Herr Naoum, wenn der Geschäftsführer von 1899 Hoffenheim, Frank Briel, in der Halbzeitpause auf sein iPad schaut, könnte es sein, dass er sich nicht für die Spielstände der Konkurrenz interessiert. Sie haben ihm ein „Management-Dashboard“ an die Hand gegeben. Was fängt er damit an?

Er kann sich die Veranstaltung in Echtzeit unter wirtschaftlichen Aspekten anschauen. Das Management-Dashboard gibt einen Überblick über die Umsätze schon während des Spiels und auch für die gesamte Saison: Wie läuft das Ticketing? Was passiert in den Shops, was beim Catering? Wie viele Ausgaben habe ich für Hostessen, für Security?

Ist die Anwendung in Hoffenheim ein SAP-Showcase für den Rest der Liga?

Ja, das auch. Aber wir möchten vor allem den Klubs Nutzen bringen – nämlich nahtlose Prozesse. Ein Ticketkauf landet direkt in der Buchhaltung, ich sehe also pro Event sofort die Profitabilität. Die kann ich jetzt auf dem iPad vergleichen mit demselben Spiel der vorherigen Saison. Der Nutzer definiert, was er in welcher Tiefe abbilden will. Etwa auch: Was zahlen die Sponsoren heute, was haben sie vor einem Jahr bezahlt?

Ist das mehr als eine Spielerei? Muss das ein Geschäftsführer in Echtzeit haben?

Der Vorteil: Der Manager bekommt schnell einen bilanziellen Überblick über sein komplettes Unternehmen, das müsste er sich sonst mühsam zusammensuchen. Er kann jederzeit bis auf die Buchhaltungsebene runtergehen, wenn er möchte. Wer einmal investiert, hat es durch die Integration aller Daten später leichter.

Wir sind in engen Gesprächen mit mehreren Bundesligisten und spüren große Nachfrage. – Fadi Naoum

Wo ist solch ein Dashboard noch im Einsatz?

Beispielsweise in der SAP Arena in Mannheim. Der dortige Geschäftsführer Daniel Hopp hat die Gelegenheit, sich jederzeit über seine Events auf dem iPad zu informieren. Während er etwa ein Spiel der Adler Mannheim ansieht, kann er auch verschiedene andere Veranstaltungen – etwa Konzerte und Handballspiele – in der Gewinn- und Verlustrechnung miteinander vergleichen.

Video: Fadi Naoum demonstriert das Dashboard am Beispiel Hoffenheim

Welche Fußballklubs haben Sie als Kunden?
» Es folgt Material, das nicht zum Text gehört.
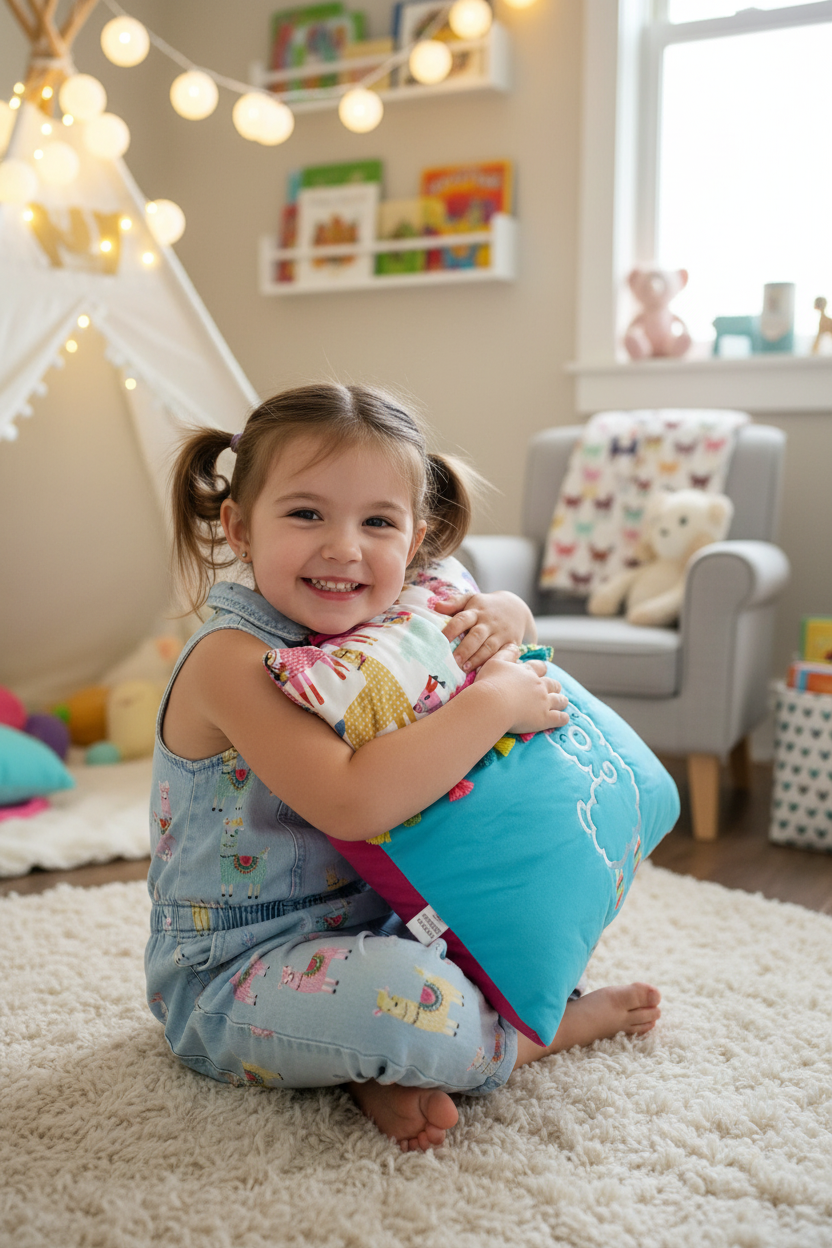 Boho Vibrant Llama Reading Pillow Cover | Handmade Kids Book Pillow with Tassel Trim & Pocket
Hoffenheim hat die Gesamtlösung installiert, den Prototypen werden wir dort bis Ende des Jahres fertigstellen. Andere Klubs fangen mit einzelnen Bausteinen an, wir arbeiten mit offenen Schnittstellen und passen die Größe der Lösung auf die Bedürfnisse jedes Klubs an. Jahn Regensburg arbeitet mit SAP Event Ticketing. Der 1. FC Nürnberg nutzt das SAP ERP-System, so auch Dynamo Dresden. Die einzelnen Bausteine sind das Fundament, ein Management-Dashboard wie in Hoffenheim ist sozusagen das Dach der Lösung.

Wie sehen Sie die Nachfrage aus der Bundesliga?
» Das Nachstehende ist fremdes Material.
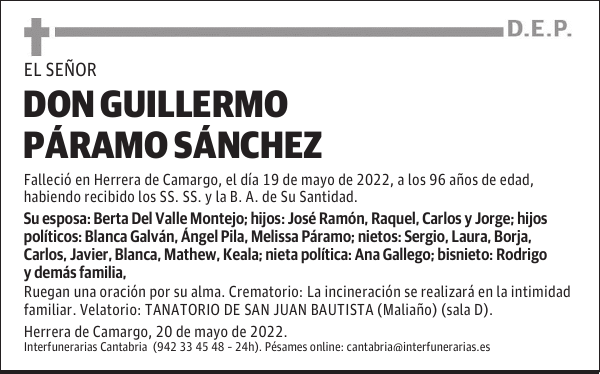 DON GUILLERMO PÁRAMO SÁNCHEZ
Wir sind in engen Gesprächen mit mehreren Bundesligisten und spüren große Nachfrage. Wir rechnen damit, dass in diesem Jahr noch mehrere Sportklubs – nicht nur im Fußball – hinzukommen.

Können Sie beziffern, wie teuer eine Komplettlösung für einen Klub ist?
Einen Preis zu nennen, ist schwierig, da der Preis auch von der Systemgröße abhängt. Derzeit dreht sich noch viel um Research und Optimierung. Außerdem ermitteln wir für jeden Kunden in einem Workshop, welche Systemgröße für ihn optimal ist. Großkunden wie der DFB nutzen d
ie SAP Business Suite powered by SAP HANA. Dagegen könnte die SAP Business One Plattform, eine Software für kleinere Unternehmen, die etwa nur fünf Anwender benötigen, für andere Klubs interessant sein.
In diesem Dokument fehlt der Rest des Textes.